I’ve been thinking about this topic for a while now. Some brief thoughts, with more to follow. I’ve used a lot of bullet points to lay out the main areas quickly:
Online welfare to work is going to become a major component of overall welfare to work services in the lifetime of the Work Programme
Online training delivery is maturing rapidly, online delivery of many other services has become commonplace, computer literacy is becoming both expected for participation in the labour market and far more common among workless people than it was, and the structure of the Work Programme lends itself far better to the development and maintenance of online resources which rely on large scale delivery for their impact. I could come up with more reasons until the cows come home.
Online delivery can go hugely wrong
Imagine, if you will:
- The personal details of 100,000 workless people are accidentally made public People share completed job applications and CVs with each other. A hundred people apply for a job, all with identical applications
- Tumbleweed, population 0 - Shiny new website is set up and sits there, waiting for someone to make it worth visiting
- Trolltown - Inadequate monitoring and controls lead to flame wars, claims of libel, and the fiery exit of disgruntled advisers and providers
Online delivery is a great opportunity for things to go right
Now imagine a service that is:
- Flexible - Delivered on demand to the place most suited to the customer, with self service functionality complementing the more traditional adviser-led delivery
- Cost efficient - Online delivery offers the opportunity to reduce the more transactional aspects of assisting customers, add self service delivery and peer learning, and reduce some of the inevitable messing about of appointments systems / travel etc. It also reduces the need for central facilities for job search and the like, although it obviously won’t remove the need completely
- Creating and preserving its own good practices and knowledge - When online services are delivered well, they can increase the effectiveness of offline delivery by capturing information and knowledge that is often shared informally or kept in the head of whichever adviser has picked up on it, then making it easy to share that with people who need it
- Ongoing - Purely offline delivery relies on regular meetings or at least phone calls, and in practice it can be very difficult to track people moving into employment. They tend to be working, commuting, or just busy trying to fit everything else in. Provided a customer has internet access, online networks and communities provide a useful way of maintaining an ongoing relationship without demanding too much time or resources on the part of either party
- A rich source of MI for customers, advisers and contractors - Dependent on the system’s functionality, the resulting MI should be robust, unified, and accessible, making it an ideal basis on which to analyse and improve the relationships between all three parties (plus JCP of course!)

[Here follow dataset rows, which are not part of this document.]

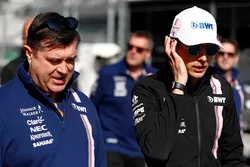 Esteban Ocon, Force India, lors de la reconnaissance de piste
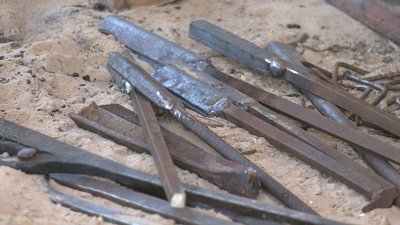 На Оствиці у Рівному кували автентичні ножі На Оствиці у Рівному кували автентичні ножі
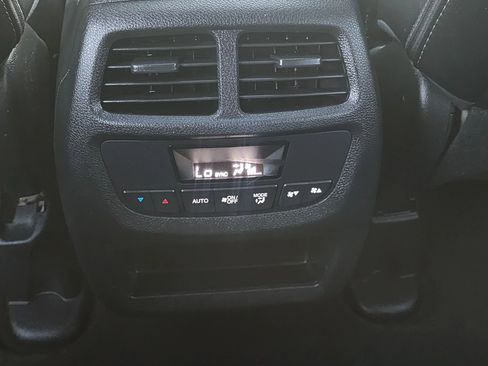 Used 2017 Honda Pilot EX-L image 16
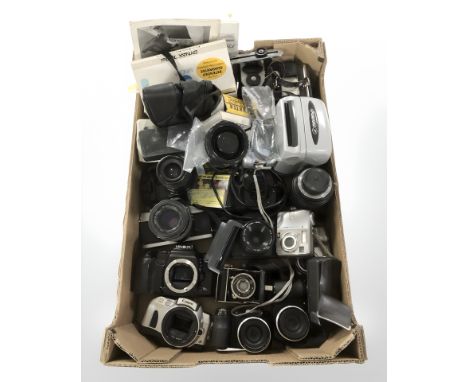 A quantity of vintage/modern cameras, including Minolta, Polaroid, Fujifilm Finepix S1800 and Finepix S1800 cameras, assorted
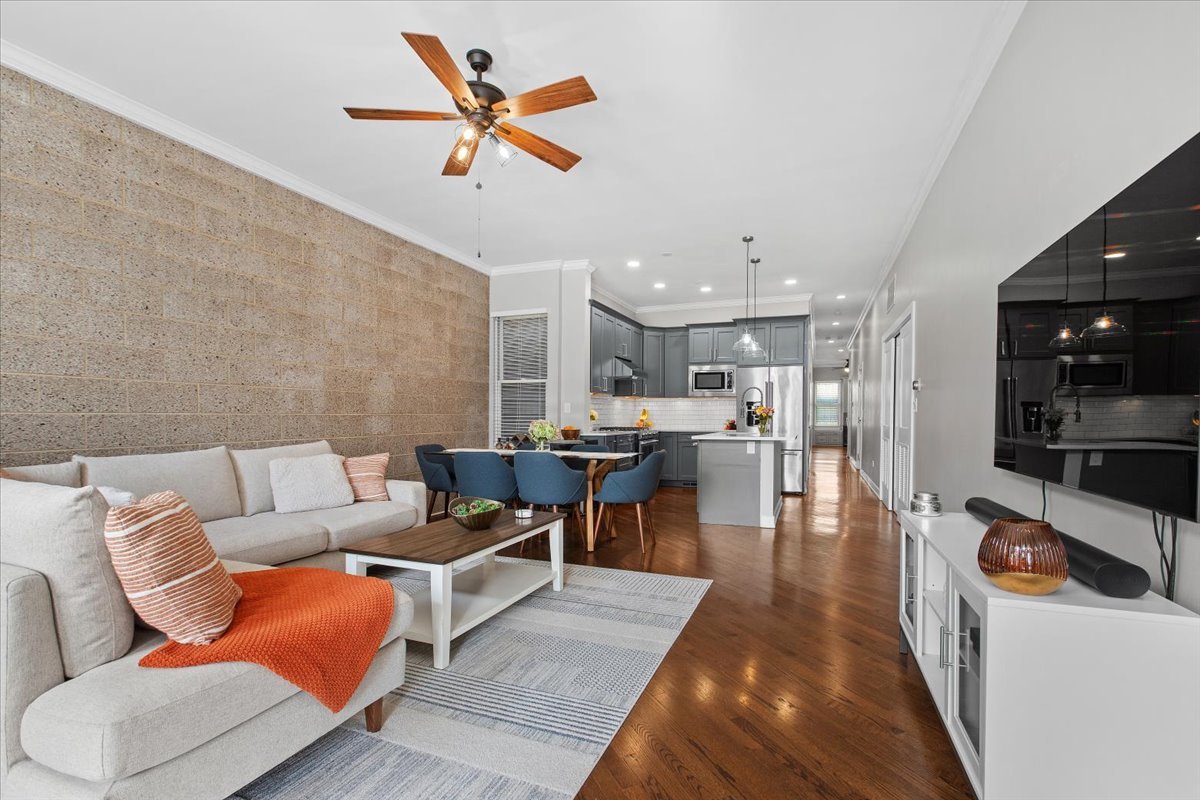 1739 N CLYBOURN Avenue Unit: 2N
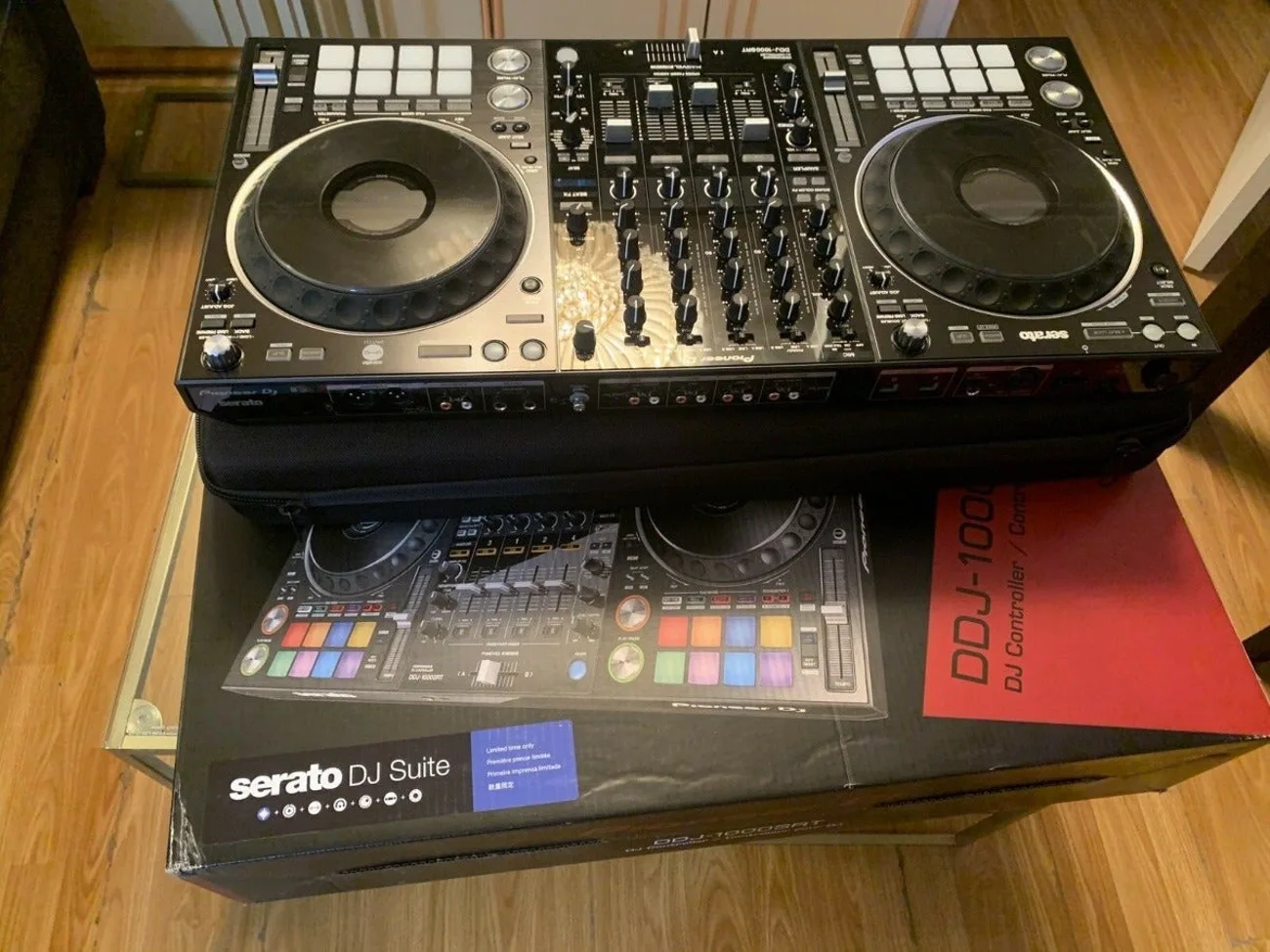 

Pioneers DJ DDJ-1000SRT Serato DJ Pro 4 Channel DJ Controller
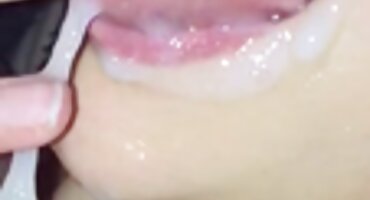 El apretado coño de la joven hermana fue jugoso follado por un hábil hermano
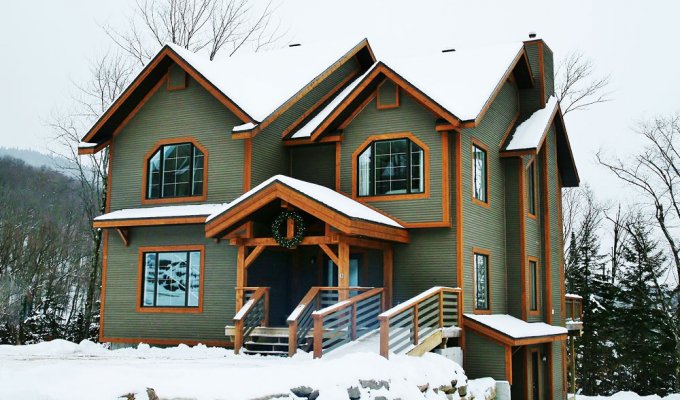 Quebec Stoneham Cottage Vacation Rentals with private spa and 2 mins from the ski slopes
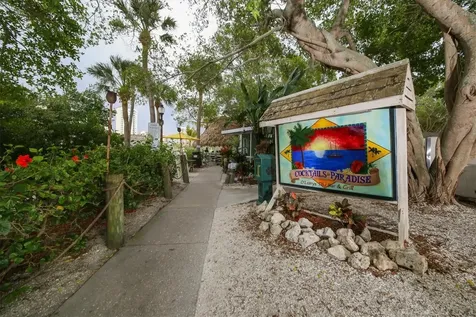 445 Reid Street Sarasota FL 34242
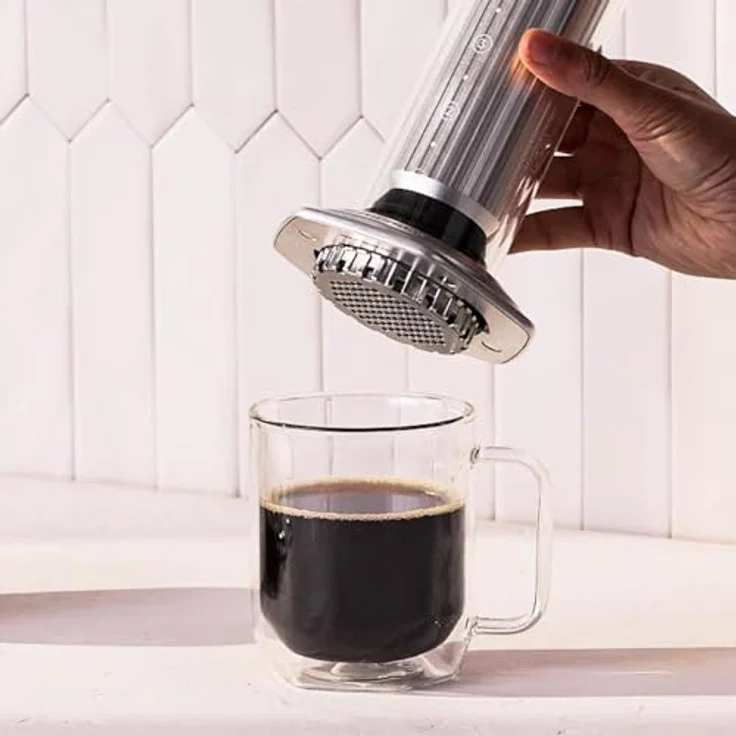 AeroPress Premium Kaffeebereiter – 3-in-1 Brühmethode für French Press, Espresso und kräftigen Kaffee, aus Glas und Edelstahl, schnell und sauber ohne Bitterkeit – Bild 5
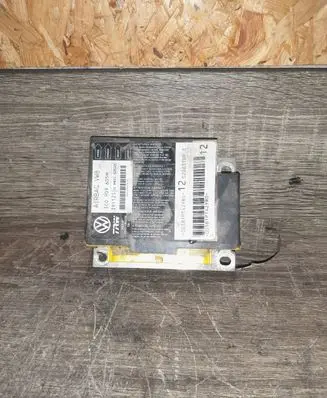 Volkswagen PASSAT B6 Airbag control unit/module 3C0909605M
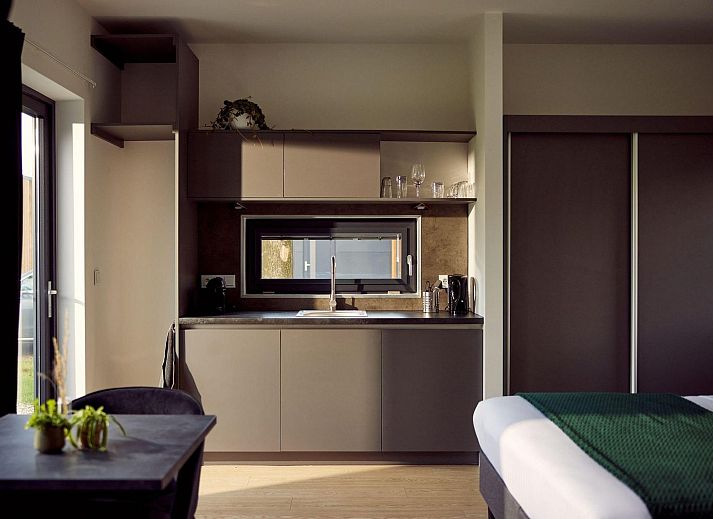 Gezellige slaapkamer in Hotelstudio Amalia, Kotten, Achterhoek met comfortabel bed en natuurlijk licht.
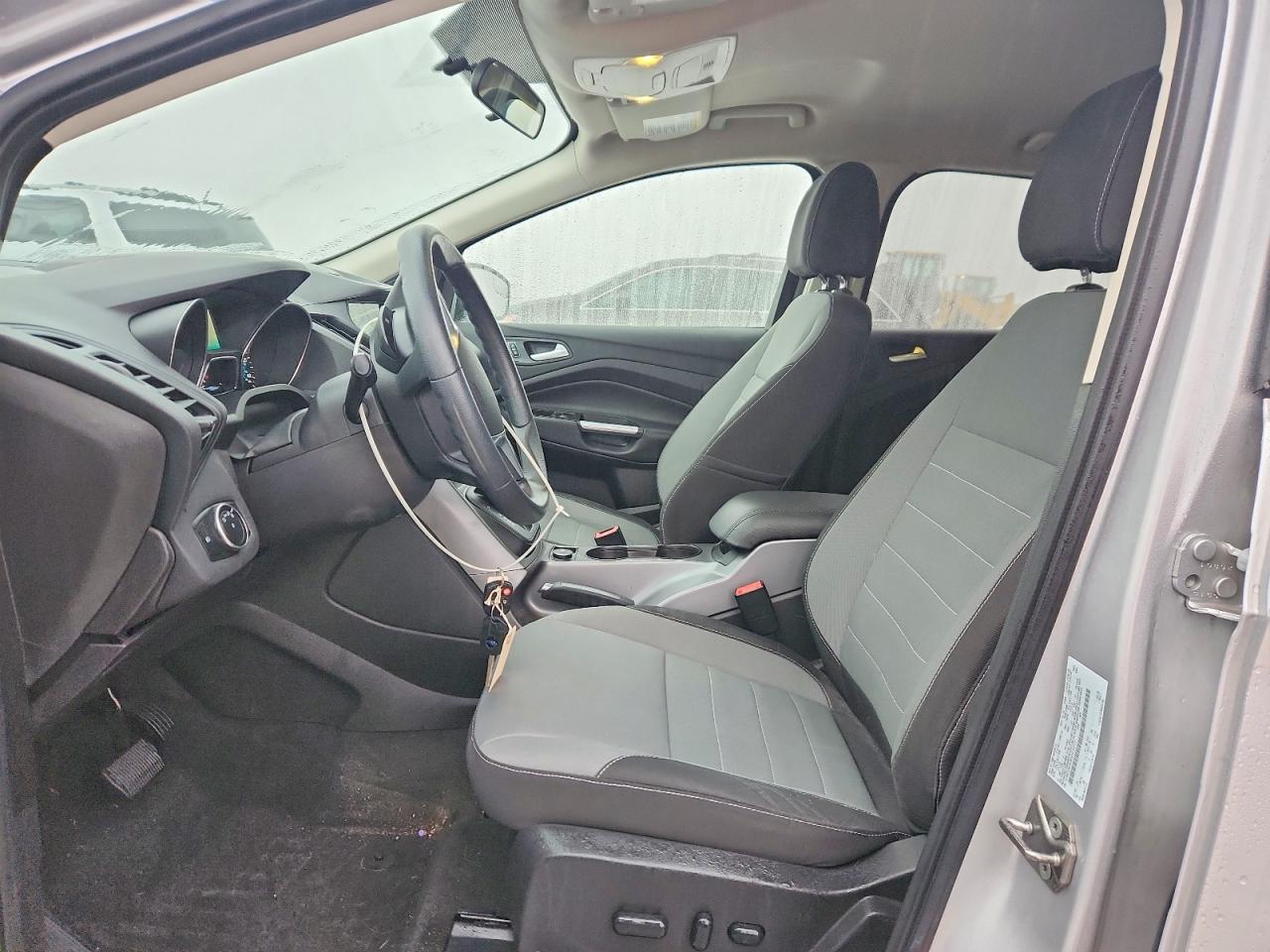 2016 FORD ESCAPE SE photo 7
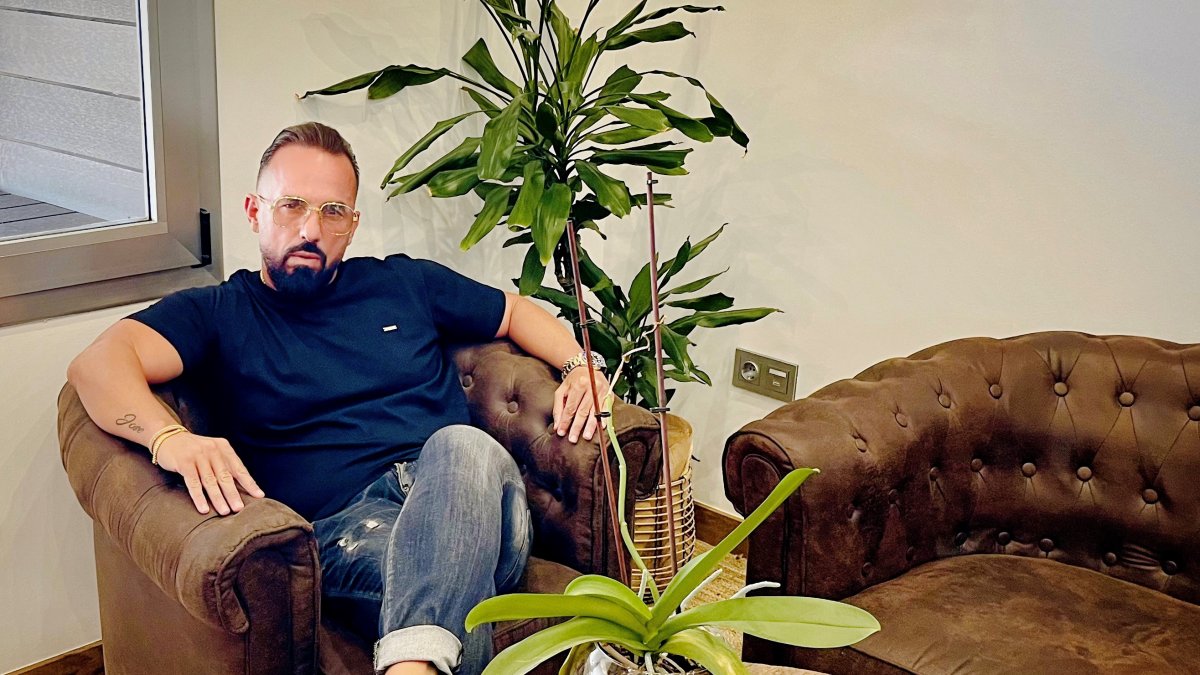 Francisco Montoya, en su despacho en las instalaciones de Campojoyma desde donde marca el rumbo de la empresa almeriense referente en el agro bio.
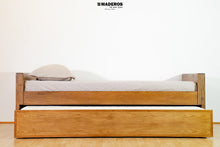 Cargar imagen en el visor de la galería, Cama Tarima Carmín Con Nicho 1.00m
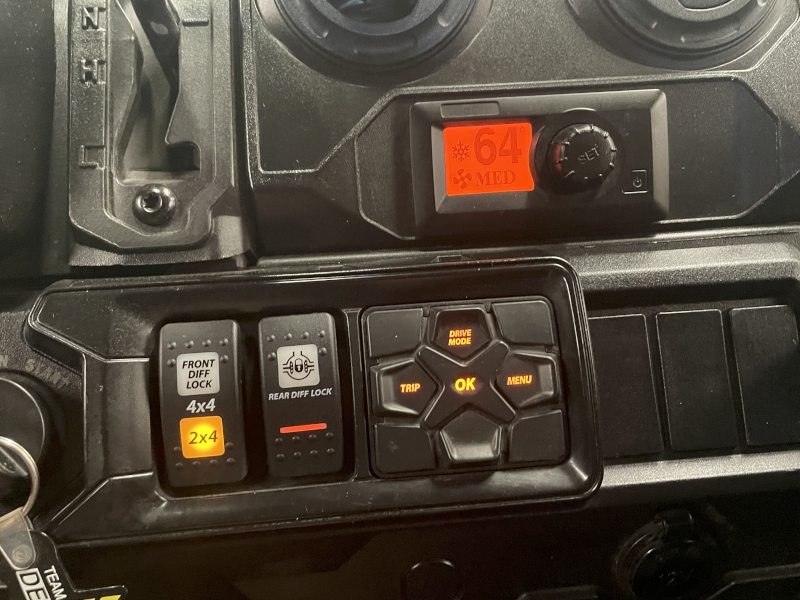 Side-by-Side/Utility Vehicle  2024 CAN-AM DEFENDER LIMITED HD10 SIDE BY SIDE Photo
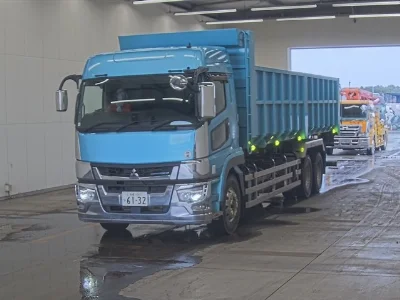 MITSUBISHI FUSO SUPER GREAT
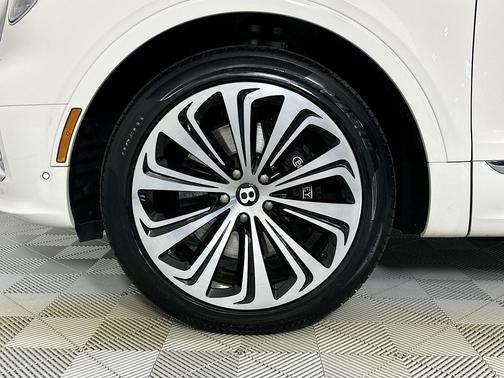 2021 Bentley Bentayga V8
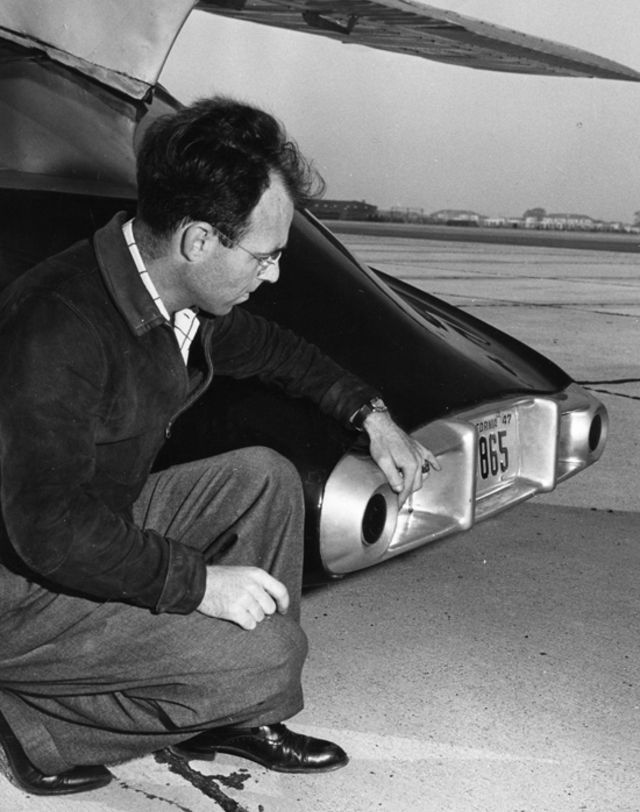 La Convair Model 118 ou ConvairCar, voiture volante de 1947 La Convair Model 118 ou ConvairCar voiture volante de 1947 28 La-Convair-Model-118-ou-ConvairCar-voiture-volante-de-1947-28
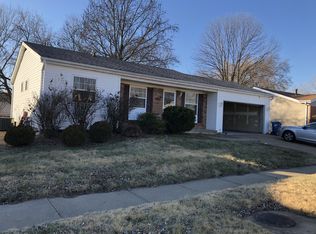 4067 Del Lago Dr, Florissant, MO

What should this online solution look like?
Well, there seem to be three main parts:
- Marketplace - Enable primes, subcontractors and specialists to connect
- Community and resources - Discussion, newsletter, best practice for advisers and customers
- Client management system - The most traditional part of the three, but still with big opportunities for improvement around support for and MI capture of remote job search
There are also a couple of other really important things that run alongside all of this, namely the process of setting up, marketing, and getting people using such a system, and also ensuring that online delivery properly complements offline delivery by multiple subcontractors, without alienating or replacing them. While it’s possible that some people who are closest to the marketplace might be best served by entirely online delivery, that’s a different proposition, or at least a different element of the proposition, to the one we’re talking about here. The first of these means that the system’s design and roll-out have to be integrated into the overall roll-out of the Work Programme by the prime, and the second means that the system has to be moderately cheap, responsive to the needs of all parties, and reasonably good at self-managing (i.e. run in part by the community it serves).